Search
ctrl/
Ask AI
Light
Dark
System

Group

The group statement is only available in EdgeDB 2.0 or later.

group–partition a set into subsets based on one or more keys

[ with with-item [, ...] ]

group [alias := ] expr

[ using using-alias := expr, [, ...] ]

by grouping-element, ... ;

where a grouping-element is one of

  ref-or-list
  { grouping-element, ... }
  ROLLUP( ref-or-list, ... )
  CUBE( ref-or-list, ... )

where a ref-or-list is one of

  ()
  grouping-ref
  ( grouping-ref, ... )

where a grouping-ref is one of

  using-alias
  .field-name
group expr

The group clause sets up the input set that will be operated on.

Much like in select it is possible to define an ad-hoc alias at this stage to make referring to the starting set concisely.

using using-alias := expr

The using clause defines one or more aliases which can then be used as part of the grouping key.

If the by clause only refers to .field-name the using clause is optional.

by grouping-element

The by clause sepecifies which parameters will be used to partition the starting set.

There are only two basic components for defining grouping-element: references to using-alias defined in the using clause or by references to the short-path format of .field-name. The .field-name has to refer to properties or links immediately present on the type of starting set.

The basic building blocks can also be combined by using parentheses ( ) to indicate that partitioning will happen based on several parameters at once.

It is also possible to specify grouping sets, which are denoted using curly braces { }. The results will contain different partitioning based on each of the grouping set elements. When there are multiple top-level grouping-elements then the cartesian product of them is taken to determine the grouping set. Thus a, {b, c} is equivalent to {(a, b), (a, c)} grouping sets.

ROLLUP and CUBE are a shorthand to specify particular grouping sets.

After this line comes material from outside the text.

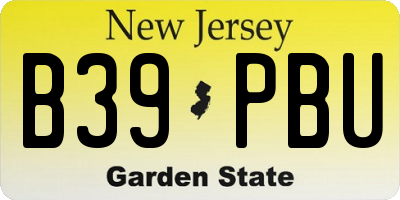 NJ license plate B39PBU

ROLLUP groups by all prefixes of a list of elements, so ROLLUP (a, b, c) is equivalent to {(), (a), (a, b), (a, b, c)}. CUBE groups by all elements of the power set, so CUBE (a, b) is equivalent to {(), (a), (b), (a, b)}.

The group statement partitions a starting set into subsets based on some specified parameters. The output is organized into a set of free objects of the following structure:

{
  "key": { using-alias := value [, ...] },
  "grouping": <set of keys used in grouping>,
  "elements": <the subset matching to the key>,
}
"key"

The "key" contains another free object, which contains all the aliases or field names used as the key together with the specific values these parameters take for this particular subset.

"grouping"

The "grouping" contains a str set of all the names of the parameters used as the key for this particular subset. This is especially useful when using grouping sets and the parameters used in the key are not the same for all partitionings.

"elements"

The "elements" contains the actual subset of values that match the "key".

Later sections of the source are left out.